Daling van het aantal visites door huisartsen zet door
De daling in het aantal visites door huisartsen die eerder al is ingezet, lijkt volgens het Nivel aan te houden. Net als in voorgaande jaren is het aantal lange visites hoger dan het aantal korte visites. In 2019, voor de coronapandemie, was dit nog andersom, concludeert het Nivel op basis van gegevens afkomstig van 424 huisartsenpraktijken, met in totaal bijna twee miljoen ingeschreven patiënten.
Driekwart (78,1%) van de ingeschreven patiënten bij een huisarts had in 2023 minimaal één contact met de huisartsenpraktijk. Dit percentage is iets hoger dan in 2022 (77,6%), maar nagenoeg gelijk aan 2019 (78,2%).
Verder blijkt uit de cijfers dat patiënten vorig jaar gemiddeld 5,2 keer contact hadden met de huisartsenpraktijk. Dit is ongeveer gelijk aan het niveau van 2022 en het niveau van voor de coronapandemie.
Urineweginfecties
Ook het aantal acute klachten en aandoeningen die de huisarts registreert, is in 2023 afgenomen (49%) ten opzichte van 2022. Na een toename van het aantal problemen met de luchtwegen in 2022 met 43% is dat vorig jaar sterk afgenomen met 33%. Volgens de onderzoekers heeft dit te maken met een daling van COVID-19 in de huisartsenpraktijk in 2023.
Urineweginfecties was de diagnose die vorig jaar het vaakst werd gesteld in de huisartsenpraktijk. In 2023 zijn per duizend ingeschreven patiënten 156 contacten geweest voor urineweginfecties (2,7% van alle contacten). Hierna werden de meeste contacten gedeclareerd voor essentiële hypertensie zonder orgaanschade (2,4%) en diabetes mellitus (1,8%).
Maagzuurremmers
In de huisartsenpraktijken werden vorig jaar maagzuurremmers het meest voorgeschreven: 14,7% van de ingeschreven patiënten kreeg tenminste één keer dit geneesmiddel.
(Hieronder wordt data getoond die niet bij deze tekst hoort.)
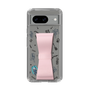 Slim Protection Case - STAND & RING RIBBON Sakura Pink［ HATSUNE MIKU - Ribbon - Instrumental - Monochrome ］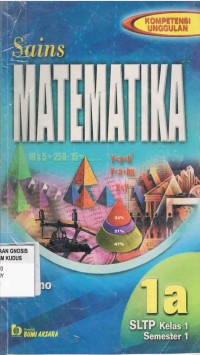 Image of Sains Matematika SLTP 1a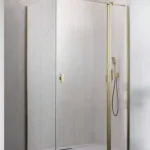 Radaway Nes Brushed Gold KDJ II szögletes szálcsiszolt arany zuhanykabin Olcsóbb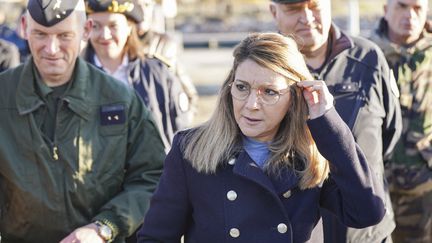 Patricia Miralles, Secrétaire d’Etat auprès du ministre des Armées, chargée des Anciens combattants et de la Mémoire (FREDERIC PETRY / HANS LUCAS)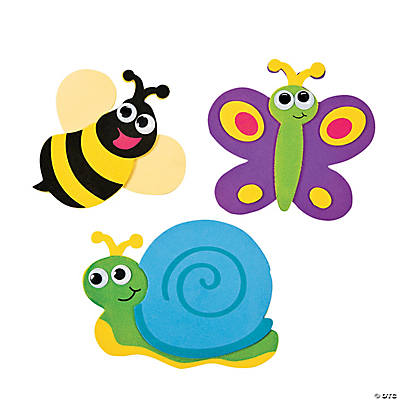 Butterfly & Bug Magnet Craft Kits for 12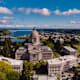 Aerial view of Washington State Capitol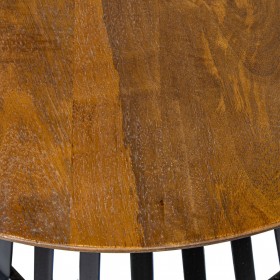 Tavolino da Caffè Alexandra House Living Marrone Nero Legno 60 x 38 x 60 cm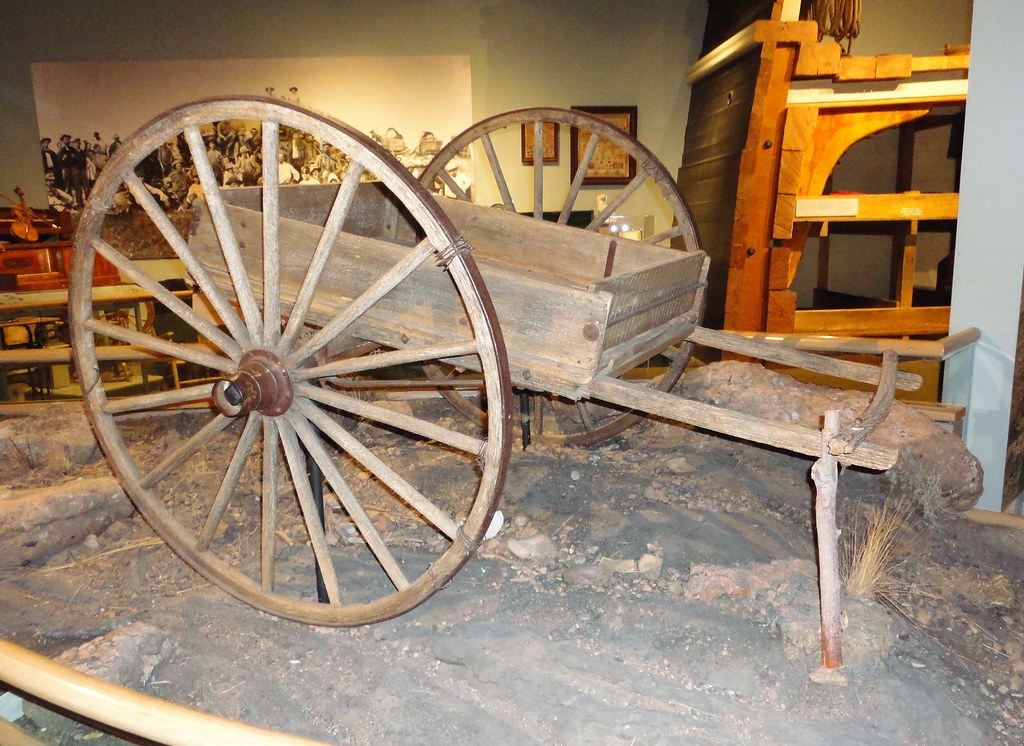 Mormon Handcart at Church History Museum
Verder blijkt dat in 2023 nog steeds minder antibiotica werden voorgeschreven dan voor de coronapandemie: het percentage patiënten dat minimaal één antibioticum kreeg voorgeschreven (16,8%) is gestegen ten opzichte van 2022 (16%), maar nog altijd iets lager dan in 2019 (17,2%).
Geneesmiddelen voor hoge bloeddruk werden het meeste voorgeschreven in de leeftijdsgroep van 45 jaar en ouder. Bij 0 tot 17-jarigen staan medicijnen voor eczeem, impetigo en oorontsteking bovenaan, bij 18 tot 44-jarigen anticonceptie- en hooikoortsmiddelen.
Vorig jaar kreeg twee derde van de bij de huisarts ingeschreven patiënten één of meer geneesmiddelvoorschriften (67,3%). Dit is ongeveer gelijk aan 2022 (67,0%) maar nog steeds iets lager dan in 2019 (69,6%).
Medisch-specialisten
Verder blijkt uit de cijfers van Nivel dat door huisartsen per duizend ingeschreven patiënten 316 verwijzingen zijn uitgeschreven voor een medisch-specialist. Dit is volgens de onderzoekers nagenoeg gelijk aan 2022 (317), maar iets hoger ten opzichte van 2019 (306).
Tussen 2022 en 2023 was de grootste stijging in het aantal verwijzingen naar longziekten en psychiatrie. De grootste daling was bij kindergeneeskunde en bij KNO-heelkunde.